Kıymetli hurda tedarikçilerinden Rusya ve Ukrayna’dan hurda ithalatının, şubatta, hurda ihracatına getirilen yüksek oranlı verginin ve kısmen savaşın tesiriyle önemli oranda düşüş gösterdiğini belirten Yayan, “Rusya’dan hurda ithalatımız yüzde 96,6 azalarak 160 bin tondan 5 bin tona, Ukrayna’dan ithalatımız ise 17 bin tondan 2 bin tona geriledi. Çelik eserleri ithalatındaki düşüş ise daha sonlu bir düzeyde kaldı.” dedi.

Rusya-Ukrayna Savaşı’nın çelik üretimi üstündeki tesirlerine değinen Yayan, şunları kaydetti: “Rusya’nın Ukrayna’yı işgali daha sonrasında AB’nin yaptırımları kararında ülkemiz yeni kota dağılımından en epey yararlanacak ülkelerden biri olarak ön plana çıksa da kesimin ana girdilerinden olan hurda, antrasit, ferro siliko mangan, pik demiri değerli ölçüde Ukrayna ve Rusya’dan ithal ediliyor. Bu sebeple işgalin çelik üretimimiz üstündeki olumsuz etkisinin önemli boyutlara ulaşmasından telaş duyuluyor. Bilhassa ham unsur tedarikinde yaşanan darboğaz, fiyatların olağanüstü düzeylerde artmasına yol açtı. Hammadde ve yarı eser ithalatındaki gerilemenin mart ayı göstergelerinde tesirini daha net bir biçimde ortaya koyması bekleniyor.”

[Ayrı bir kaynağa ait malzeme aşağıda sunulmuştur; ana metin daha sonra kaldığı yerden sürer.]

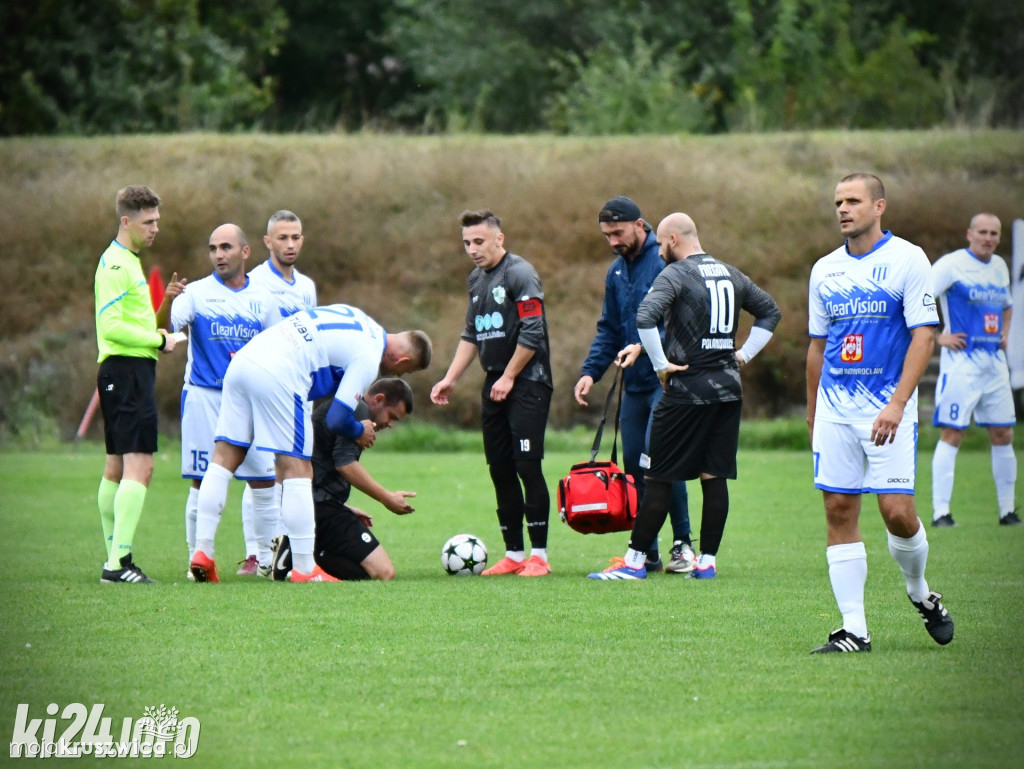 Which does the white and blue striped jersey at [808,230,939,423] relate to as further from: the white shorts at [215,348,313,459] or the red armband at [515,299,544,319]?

Karadeniz’in riskli bölge ilan edilmesi sebebiyle bu bölgeye yük taşıyan gemilerin sigorta edilmemesinin buradaki çelik üreticilerini ve sanayi bölümlerini olumsuz etkilediğini belirten Yayan, “Bu sorunun tahlili için hemen inançlı koridorlar oluşturulmasına ve devlet teminatında sigortalama süreçlerine devam edilmesine gereksinim duyuluyor.” değerlendirmesinde bulundu.

“ABD, Türkiye ile de çelikte gümrük vergisini kaldırmalı”

ABD’nin, AB ve Japonya’nın akabinde İngiltere’yle de çelik mamüllerine yönelik gümrük vergisini kaldırıp ihracatı kotaya bağlamakta uzlaşma sağladığını anımsatan Yayan, bu durumun vergiden muaf olan ülkelerin ABD piyasasında Türkiye’ye karşı avantaj elde etmelerini sağlayacağına dikkati çekti.

ABD’nin Türkiye ile de emsal bir mutabakat yapmasının yarar sağlayacağını bildiren Yayan, “Bu, çelik ihracatımızın evvelki senelerda ABD piyasasında yaşadığı kayıpların telafi edilmesi ve dalın en azından yılın ikinci çeyreğindeki performansının artırılması açısından değer taşıyor.” sözünü kullandı.